Task to complete – Without copying any picture, return all lines below exactly.

----------

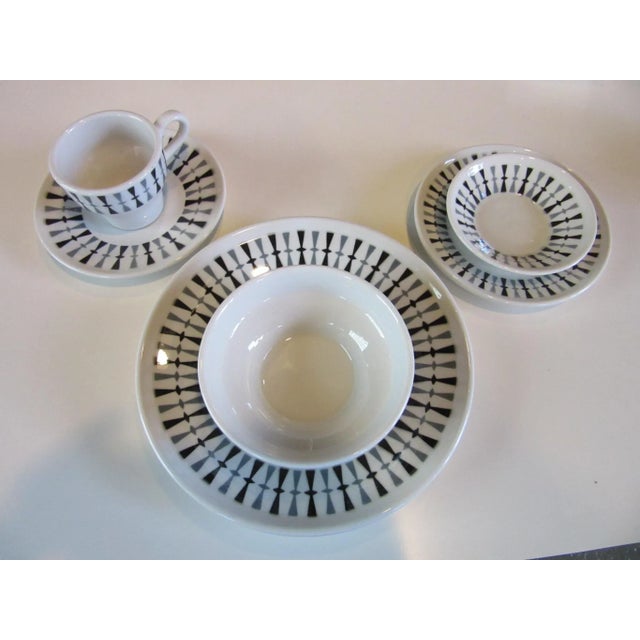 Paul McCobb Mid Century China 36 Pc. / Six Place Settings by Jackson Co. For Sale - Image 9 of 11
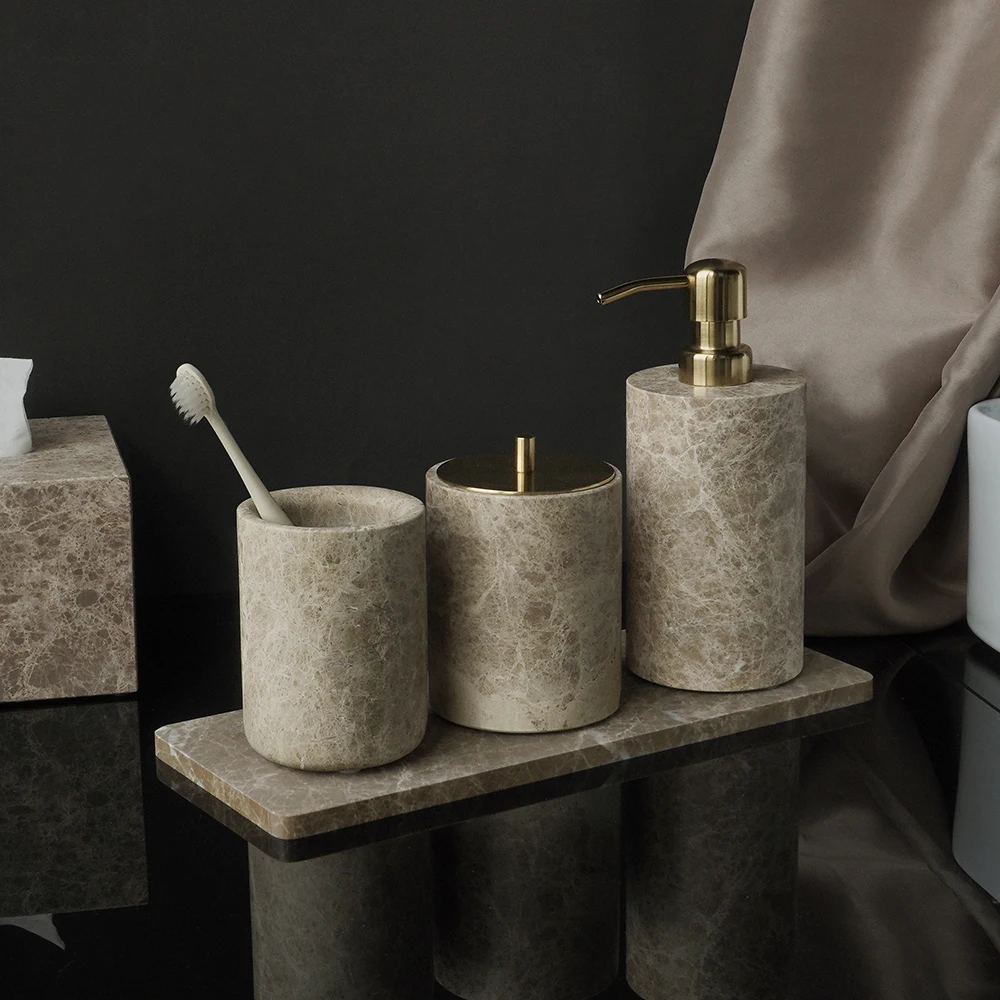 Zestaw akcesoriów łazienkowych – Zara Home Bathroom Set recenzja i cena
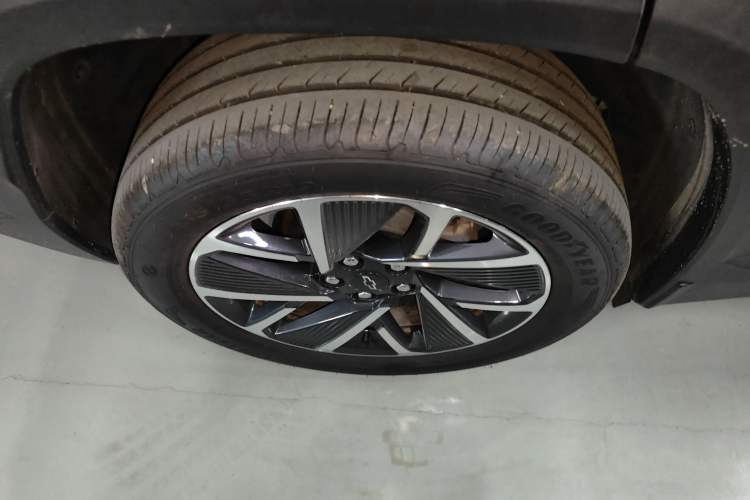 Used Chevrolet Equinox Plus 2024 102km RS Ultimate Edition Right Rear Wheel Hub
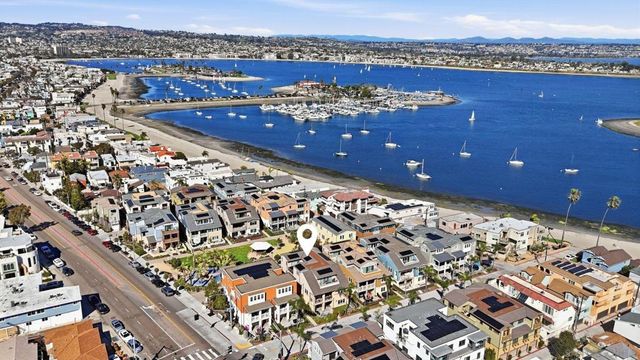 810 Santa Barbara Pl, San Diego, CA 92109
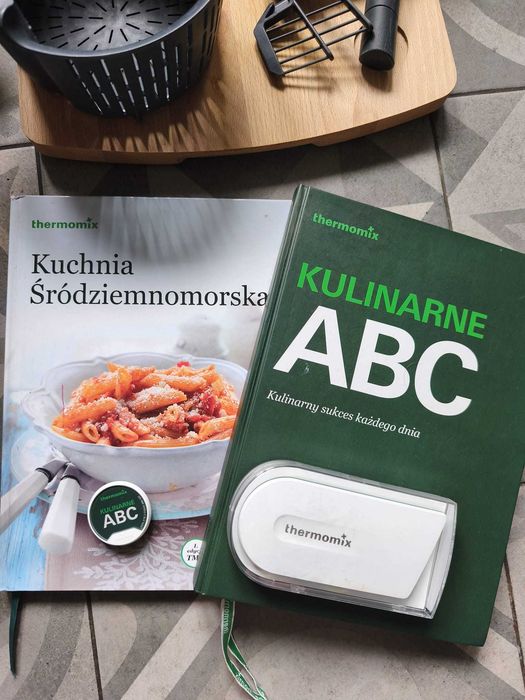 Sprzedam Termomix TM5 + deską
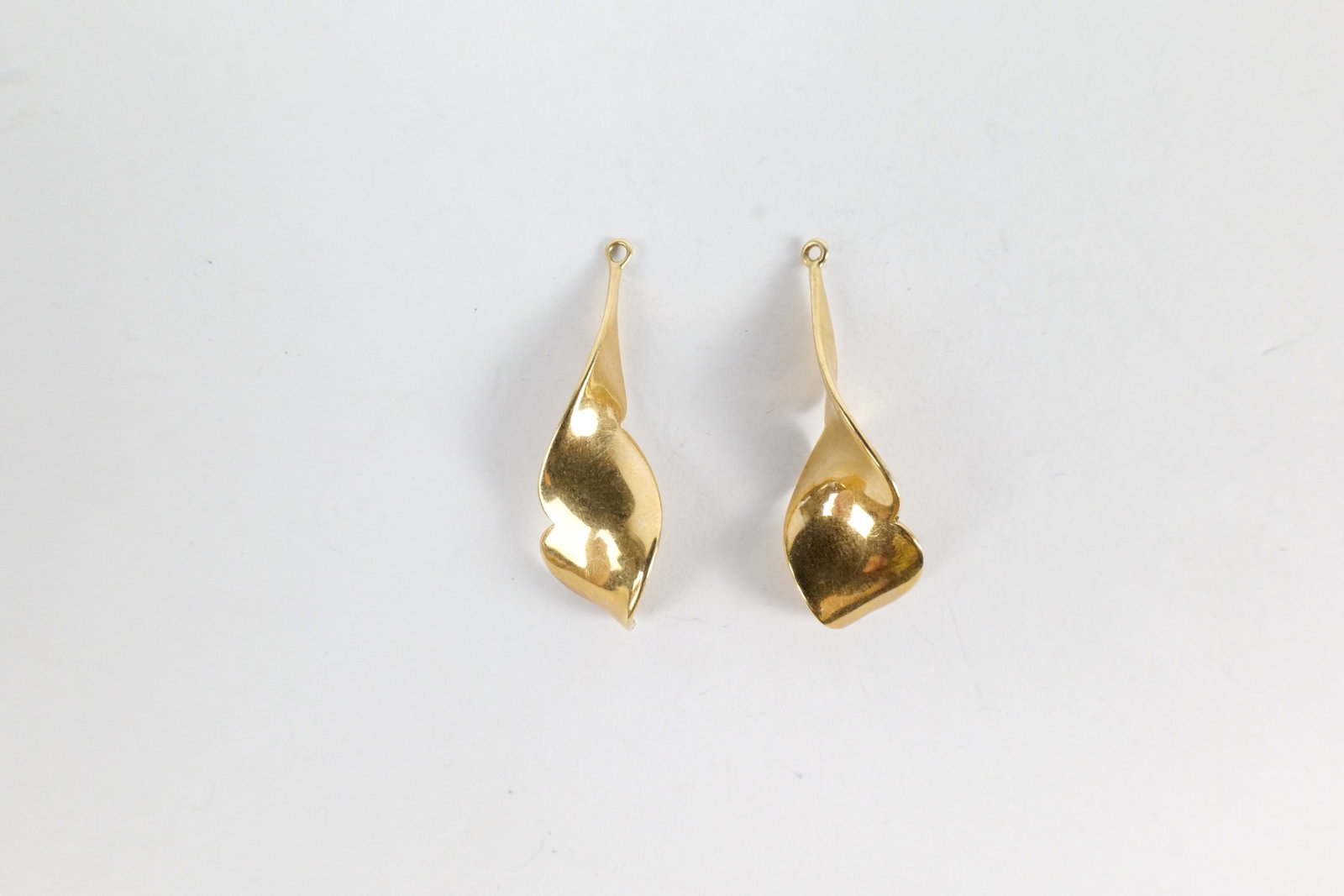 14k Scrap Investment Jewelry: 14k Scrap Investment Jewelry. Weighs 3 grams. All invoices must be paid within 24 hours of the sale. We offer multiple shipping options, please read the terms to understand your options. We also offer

----------

Task response –
 Paul McCobb Mid Century China 36 Pc. / Six Place Settings by Jackson Co. For Sale - Image 9 of 11
 Zestaw akcesoriów łazienkowych – Zara Home Bathroom Set recenzja i cena
 Used Chevrolet Equinox Plus 2024 102km RS Ultimate Edition Right Rear Wheel Hub
 810 Santa Barbara Pl, San Diego, CA 92109
 Sprzedam Termomix TM5 + deską
 14k Scrap Investment Jewelry: 14k Scrap Investment Jewelry. Weighs 3 grams. All invoices must be paid within 24 hours of the sale. We offer multiple shipping options, please read the terms to understand your options. We also offer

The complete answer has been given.